Nowadays, I tend to learn new things, or find solutions to immediate problems, online, which has its pros and cons. On the pro side, there tends to be coverage of almost anything, and googling an error message often (but not quite always) takes you to a page that explains the circumstances of that error. On the minus side, finding those initial overview guides can be challenging, and there is no consistency from one writer's tome to another's.
Warp has a nice cluster which drives my analyses, and many of them are controlled by Sun Grid Engine (SGE, rarely known as Oracle Grid Engine or OGE). Now, there are other packages out there for this and I won't make any claim that I arrived at SGE after a careful comparison. The system came with SGE and a few key tools (such as Celera Assembler and the PacBio toolkits) inherently support it, so that drove the usage. Later, StarCluster supported it out-of-the-box, so I got some more practice.
SGE is great when it works. It manages jobs across the cluster, distributing loads and making sure no machine is hammered by excessive multiple simultaneous jobs. As far as running jobs goes, I know enough to mostly get by. I can configure single processor and many multiple processor jobs. I can also track my jobs' statuses in the queues. One thing I don't really understand is how to correctly configure an OpenMPI job (namely, the wonderful assembler Ray) across multiple nodes, so within SGE I always run it on a single node. There are also ways to make one job stay queued until another finishes, but I haven't figured that out either.
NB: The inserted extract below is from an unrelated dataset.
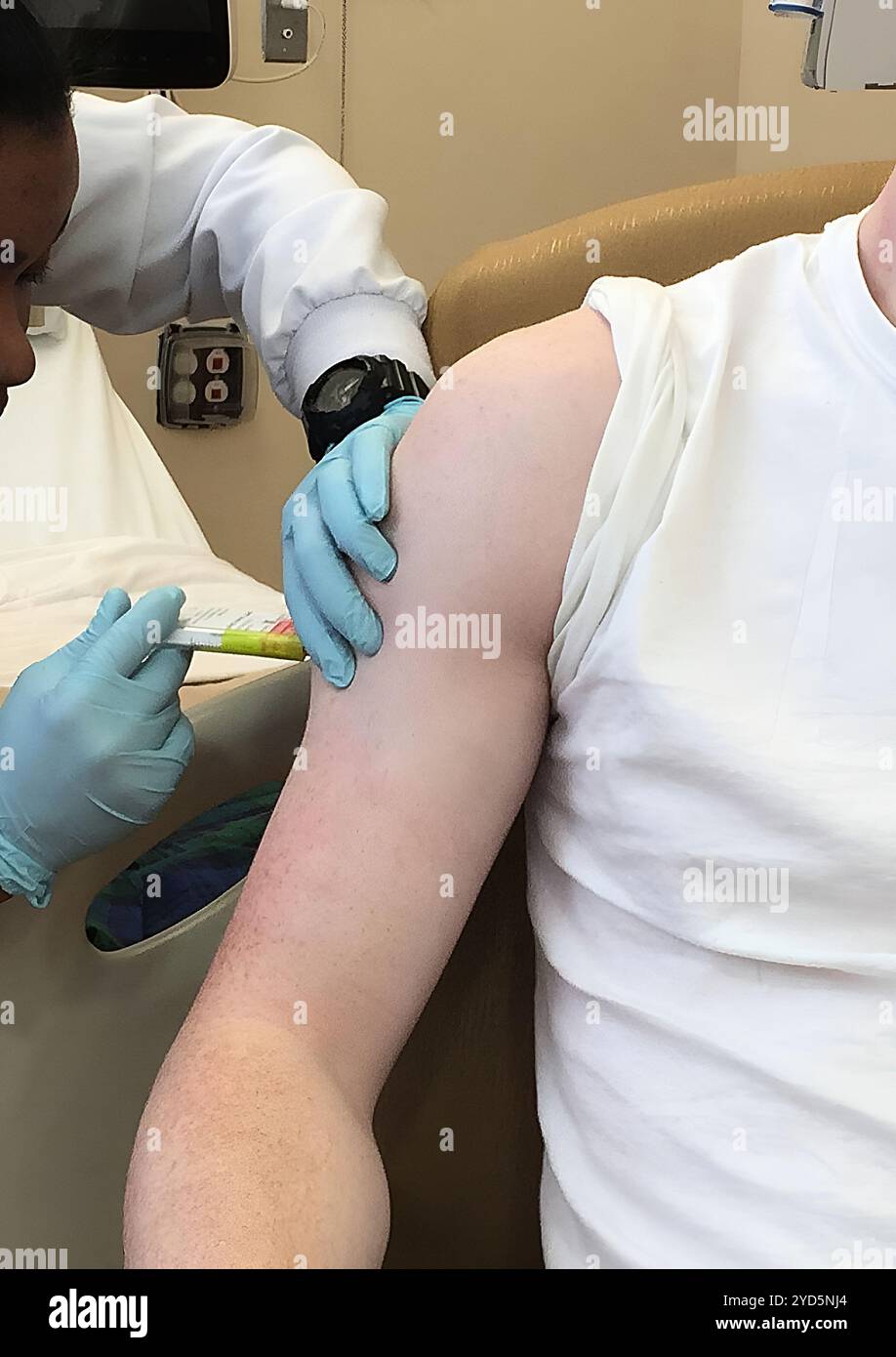 A participant receives an injection in an NIH trial examining a vaccine intended to provide broad protection against a range of mosquito-borne. Stock Photo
Setting up SGE is murkier water. At least once something glitched on StarCluster in adding new nodes, and I had to get the new nodes in SGE. With a lot of help from Google, I did succeed. The original Warp cluster had some issues, and with a lot of help from the cluster fabricator I got some stuck nodes unstuck. The new cluster in the new space (the old cluster was shared with another group; people tend to develop an aversion to sharing compute resources with me after a few of my misadventures, and so I was split off in the new space). The new cluster also required some going-under-the-hood to get SGE running, but all was well.
BUT, this weekend something has gone wrong, and I haven't yet figured it out. A few of the old tricks have failed to make the system hum, and more weirdly some jobs are firing off fine and others are stuck in permanent limbo, with no painfully obvious distinction between them.
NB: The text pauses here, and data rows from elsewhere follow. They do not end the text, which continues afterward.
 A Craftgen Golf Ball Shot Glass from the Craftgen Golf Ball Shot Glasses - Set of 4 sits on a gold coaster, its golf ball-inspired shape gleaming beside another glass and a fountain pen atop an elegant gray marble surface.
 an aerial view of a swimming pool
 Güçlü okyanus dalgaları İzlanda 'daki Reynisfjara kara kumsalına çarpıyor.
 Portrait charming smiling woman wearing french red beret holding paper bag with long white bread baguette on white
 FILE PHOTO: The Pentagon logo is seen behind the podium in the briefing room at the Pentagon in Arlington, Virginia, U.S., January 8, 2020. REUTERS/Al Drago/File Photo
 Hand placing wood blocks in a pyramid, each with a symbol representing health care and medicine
Now, this is a reminder that my knowledge of SGE is really pretty slim, and isn't very consolidated. It's more a bunch of tricks I know, a few of which I understand and a lot which are more follow-the-cookbook. There's also a nagging fear that there are very important things I don't know entirely. So a good book would be pretty useful right now. It probably wouldn't solve my problem, but it might well prepare me better to understand my problem and go find the answer to it.
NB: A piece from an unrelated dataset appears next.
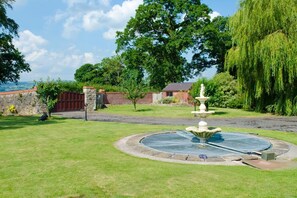A garden with a fountain, a statue, and a view of the sea. - Tall Trees, Llandyrnog, Wales. (Denbigh)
A little problem there. Try searching Amazon under books for Sun Grid Engine. For SGE. For OGE. For Oracle Grid Engine. There are no books of that sort. No Grid Engine for Dummies. No Idiot's Guide to Grid Engine. No O'Reilly book with honeybees (or Giant Gerbils?). No Learn Grid Engine in 30 Days. NADA!
I can rationalize that result relatively easily. The publishers are only interested in the larger markets, particularly those that will attract persons who are less technically savvy or at least are not confident in their ability to pick things up. SGE is apparently too much of a niche product in their view.
So, more rounds of Google. More flailing away. Maybe some reboots - though a design feature of SGE is that rebooting doesn't reset certain error states; this is intended to prevent a seriously flawed node from becoming a black hole for jobs. A bunch of calls to the cluster assembler company. Maybe a paper book would just be a security blanket, but I'm feeling a need for one about now.